O exemplo mais recente desse modo de operar se deu no domingo passado (12), quando Alessandro Nunes, gerente de futebol do Corinthians , decidiu protestar contra a arbitragem no intervalo do jogo de seu clube contra o Grêmio , em Porto Alegre. Alessandro tentou invadir uma sala do estádio gremista onde ele, aparentemente, imaginava que a equipe de VAR estava trabalhando. No local, porém, só havia equipamentos, uma vez que a central que comanda a arbitragem eletrônica nas competições da CBF fica na sede da entidade, no Rio de Janeiro.

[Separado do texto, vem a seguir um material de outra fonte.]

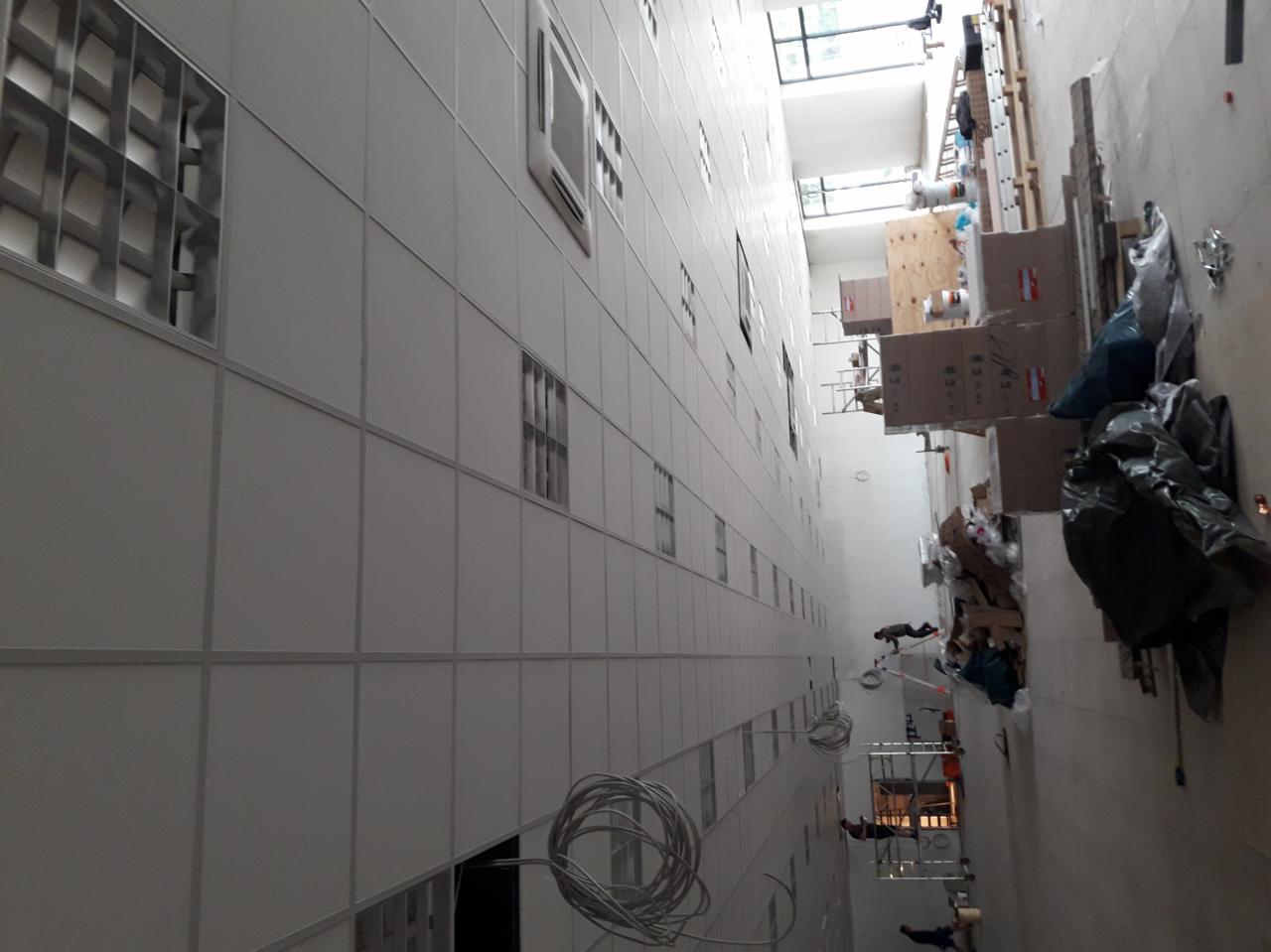 Wysokie pomieszczenie w trakcie montażu ścian działowych z widocznymi elementami konstrukcyjnymi, instalacjami elektrycznymi i materiałami budowlanymi.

Durante sua tentativa absolutamente malsucedida - além de não haver ninguém na sala, a porta estava trancada -, Alessandro estava acompanhado por pelo menos três seguranças do Corinthians, talvez prevendo um embate com funcionários da Arena do Grêmio. Flagrado por um repórter de rádio que gravava as cenas com seu telefone celular, o gerente corintiano disse “tira esse cara daqui!” quando percebeu que a coisa terminaria mal. Como sempre acontece em situações dessa natureza, já era tarde. O repórter reagiu de forma corajosa à intimidação dos asseclas de Alessandro e continuou gravando as imagens que, em minutos, seriam de conhecimento público.

A bem da verdade, é necessário registrar que Alessandro reconheceu que não teve um comportamento decente e que não deveria nem mesmo estar ali, mas não foi capaz de perceber que, embora o corredor onde tudo se passou também não seja uma área em que a presença de jornalistas é permitida, o repórter que o flagrou cumpria sua obrigação. É uma pena que ninguém lhe tenha perguntado de onde ele pensa que se origina o direito de mandar seguranças particulares removerem um profissional de imprensa que estava trabalhando.

Há outras questões que cabem e podem ajudar a compreender a conduta de cartolas que se imaginam pessoas tão especiais que, por algum motivo, precisam estar permanentemente sob proteção. Dirigentes de futebol no Brasil, em regra, se locomovem e agem como mafiosos, dando ordens, onde quer que estejam, com um senso de autoridade que simplesmente não existe.